■ **What you are asked to do**
The answer must consist solely of the lines from the one containing "Автомобильный диагностический сканер" through the last line of the records below, repeated exactly, with all pictures omitted.

Records: Begin

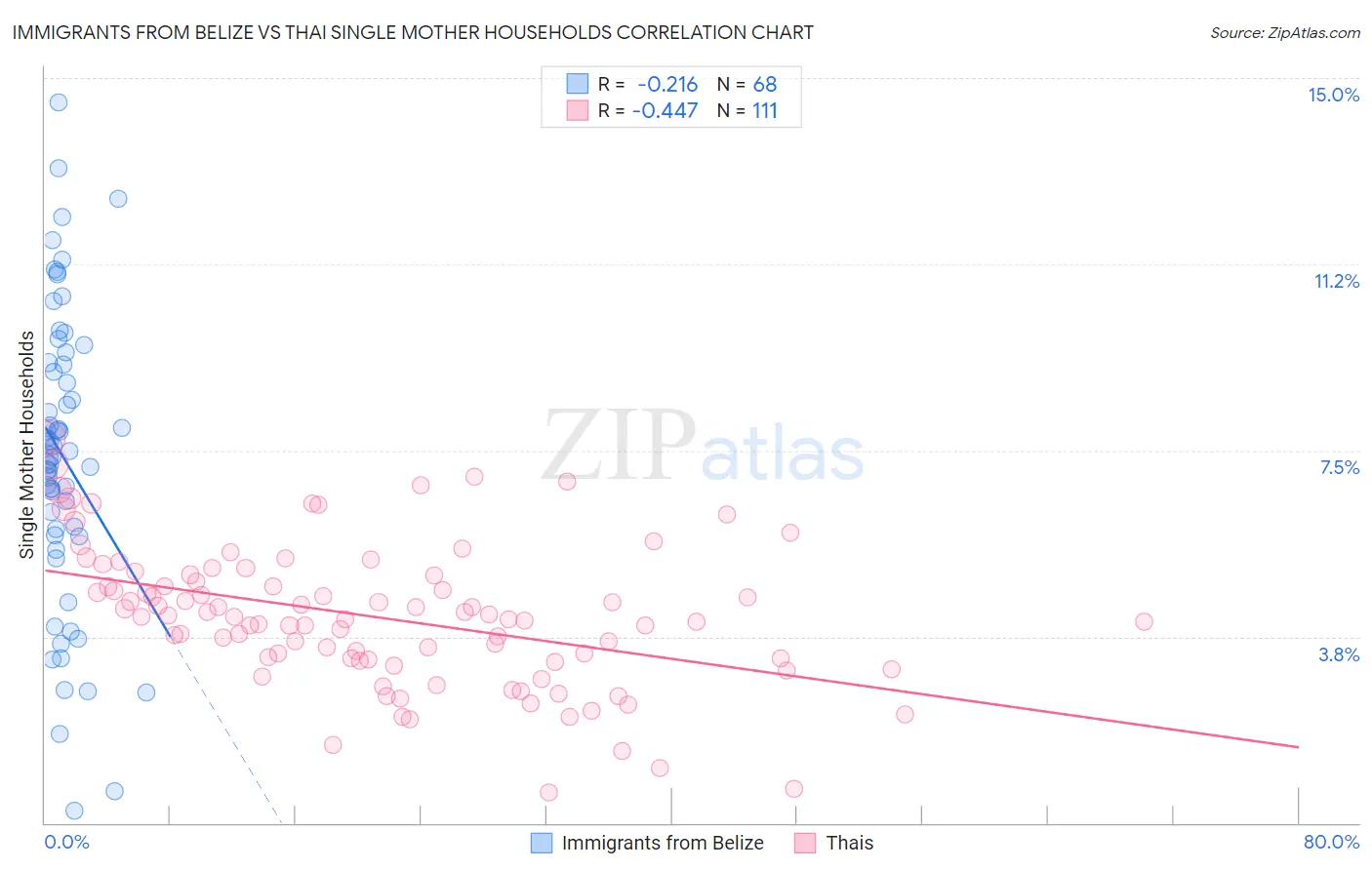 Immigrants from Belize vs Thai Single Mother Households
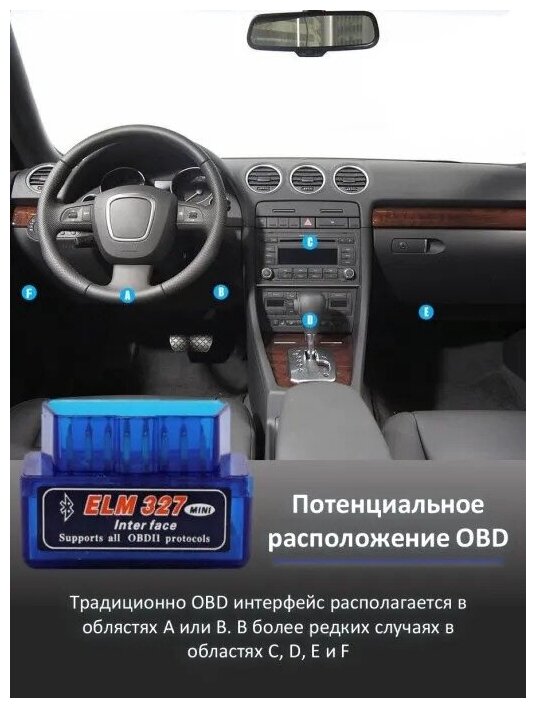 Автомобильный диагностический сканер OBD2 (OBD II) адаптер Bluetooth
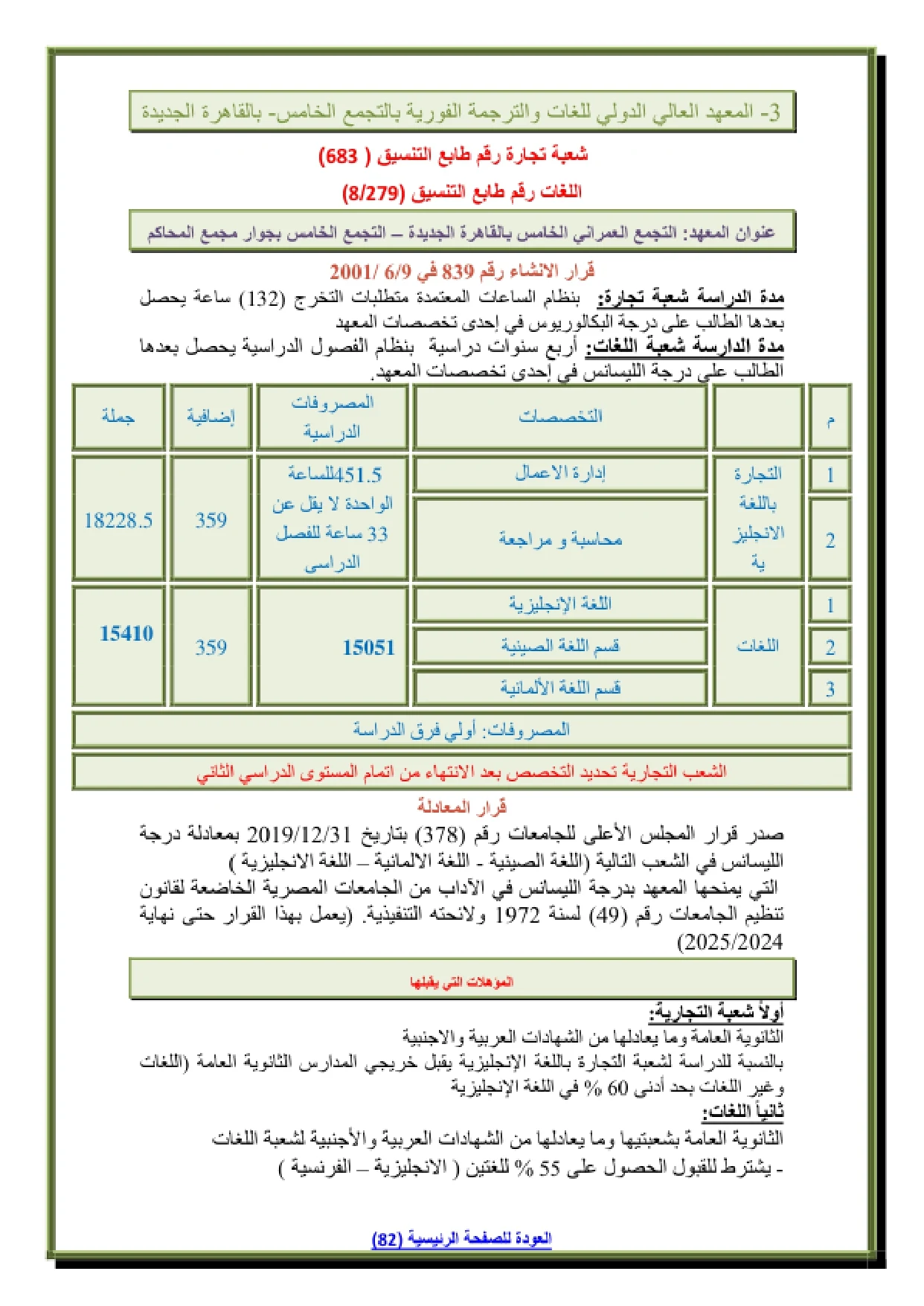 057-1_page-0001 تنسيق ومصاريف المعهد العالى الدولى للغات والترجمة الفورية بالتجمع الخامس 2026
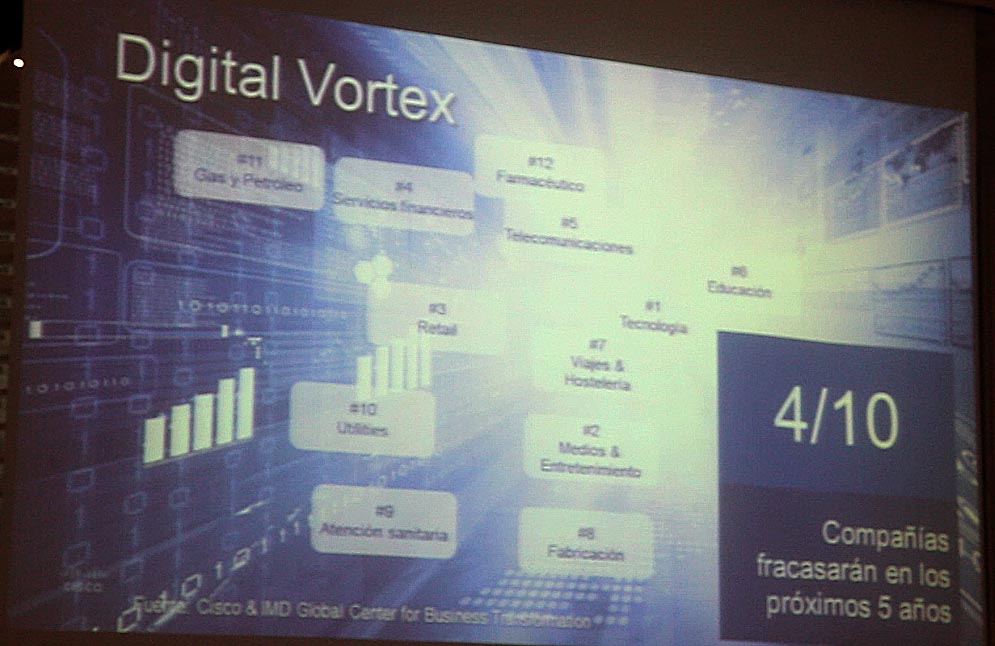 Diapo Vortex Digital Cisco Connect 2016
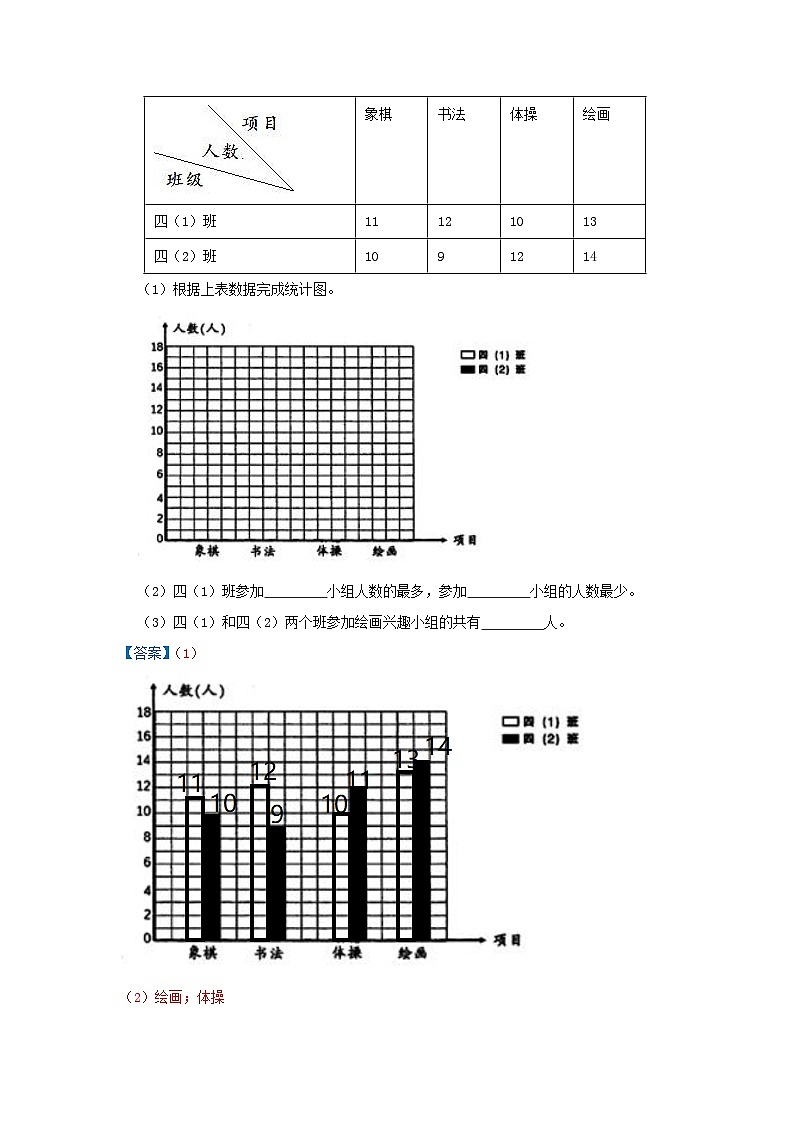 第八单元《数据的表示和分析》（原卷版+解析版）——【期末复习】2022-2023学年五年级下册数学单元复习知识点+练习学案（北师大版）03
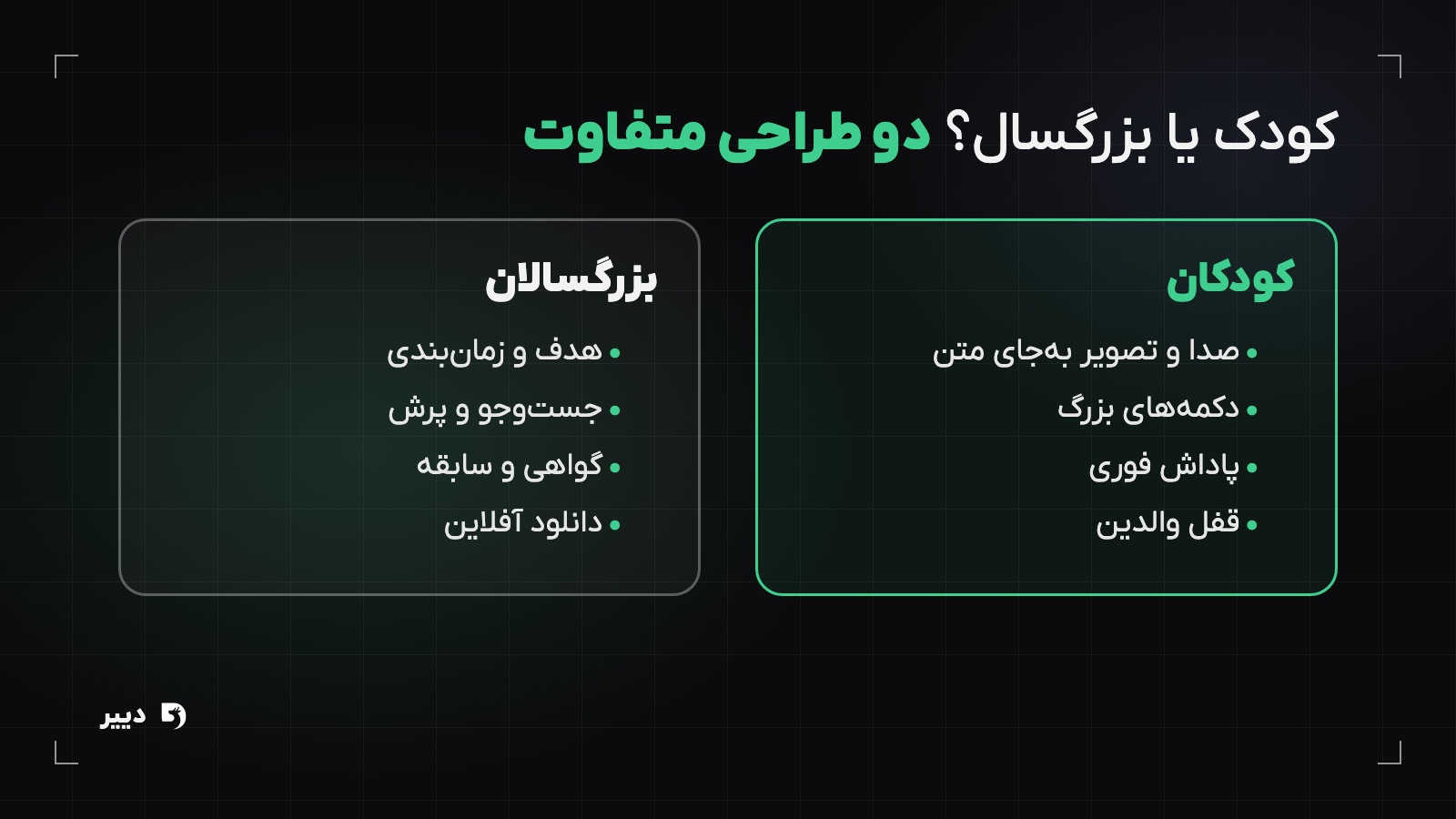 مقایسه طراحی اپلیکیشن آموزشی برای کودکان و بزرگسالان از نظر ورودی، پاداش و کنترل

Records: End

■ **Response area**
 Автомобильный диагностический сканер OBD2 (OBD II) адаптер Bluetooth
 057-1_page-0001 تنسيق ومصاريف المعهد العالى الدولى للغات والترجمة الفورية بالتجمع الخامس 2026
 Diapo Vortex Digital Cisco Connect 2016
 第八单元《数据的表示和分析》（原卷版+解析版）——【期末复习】2022-2023学年五年级下册数学单元复习知识点+练习学案（北师大版）03
 مقایسه طراحی اپلیکیشن آموزشی برای کودکان و بزرگسالان از نظر ورودی، پاداش و کنترل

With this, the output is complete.